(DATA FOR THIS TASK Opens)

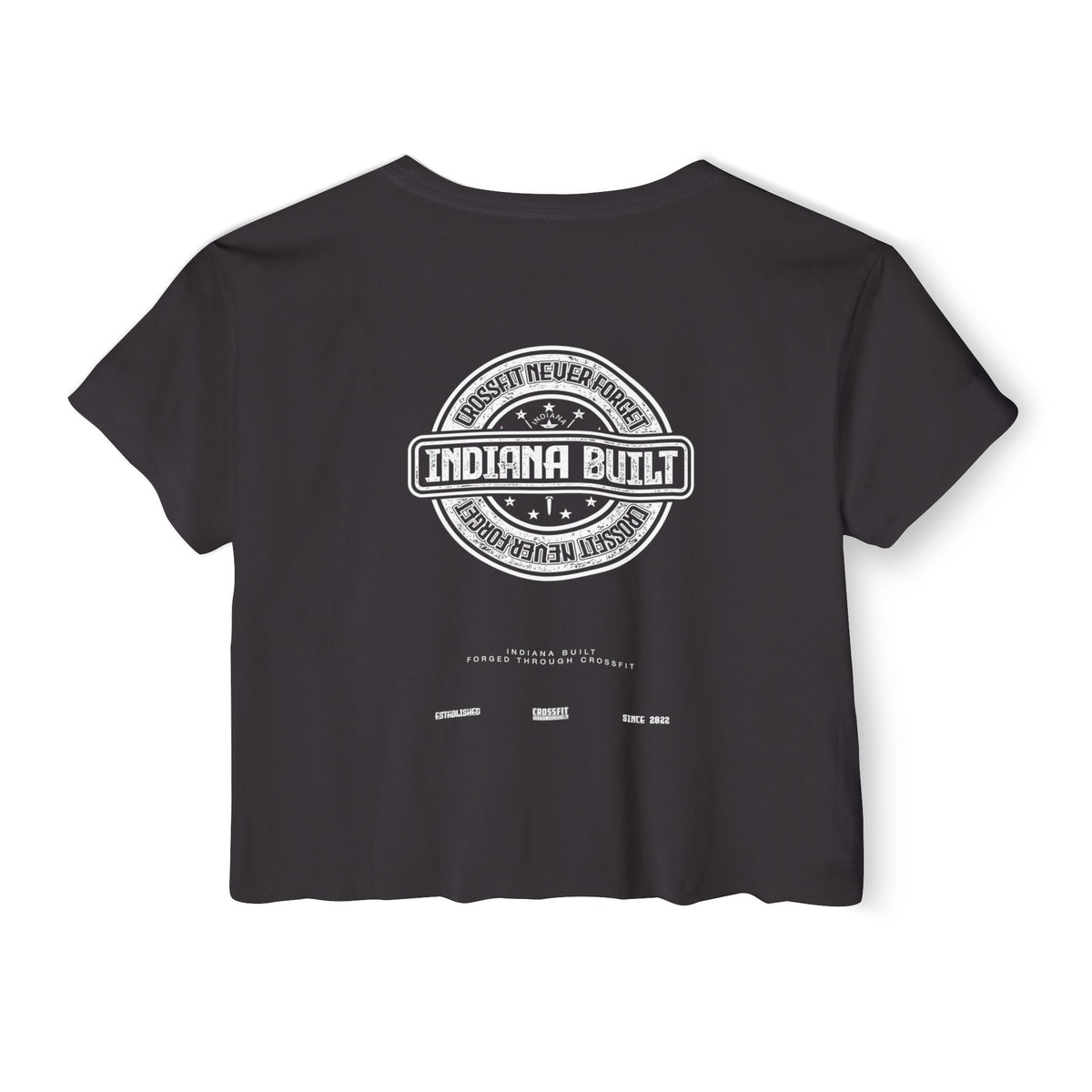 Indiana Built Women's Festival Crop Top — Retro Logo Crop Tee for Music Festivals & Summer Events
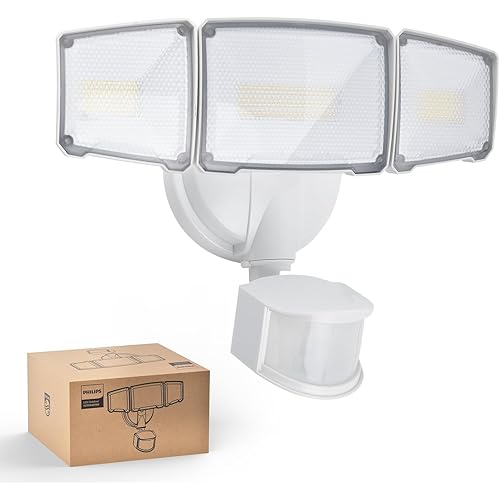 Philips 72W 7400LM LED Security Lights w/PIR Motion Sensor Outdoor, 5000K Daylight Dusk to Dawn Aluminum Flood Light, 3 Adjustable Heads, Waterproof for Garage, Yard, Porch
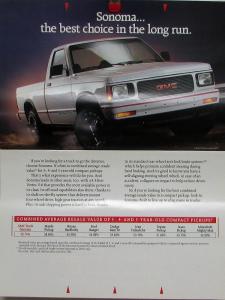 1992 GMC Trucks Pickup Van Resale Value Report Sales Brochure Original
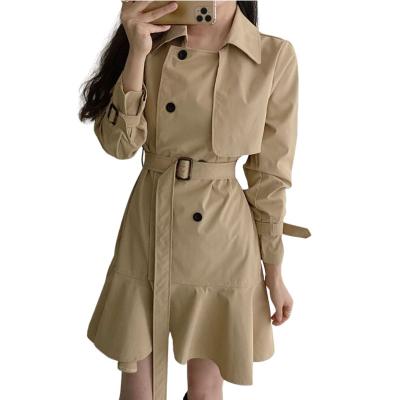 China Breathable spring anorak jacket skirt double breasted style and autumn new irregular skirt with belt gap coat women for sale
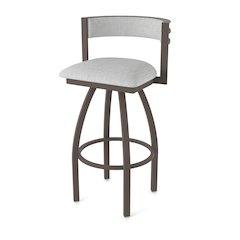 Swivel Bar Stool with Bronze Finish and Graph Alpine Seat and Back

(DATA FOR THIS TASK Closes)

HOW TO COMPLETE THIS TASK | Copy nothing but the lines from the top of the data down to the line containing "China Breathable spring", and leave the pictures out.

TASK OUTPUT |
 Indiana Built Women's Festival Crop Top — Retro Logo Crop Tee for Music Festivals & Summer Events
 Philips 72W 7400LM LED Security Lights w/PIR Motion Sensor Outdoor, 5000K Daylight Dusk to Dawn Aluminum Flood Light, 3 Adjustable Heads, Waterproof for Garage, Yard, Porch
 1992 GMC Trucks Pickup Van Resale Value Report Sales Brochure Original
 China Breathable spring anorak jacket skirt double breasted style and autumn new irregular skirt with belt gap coat women for sale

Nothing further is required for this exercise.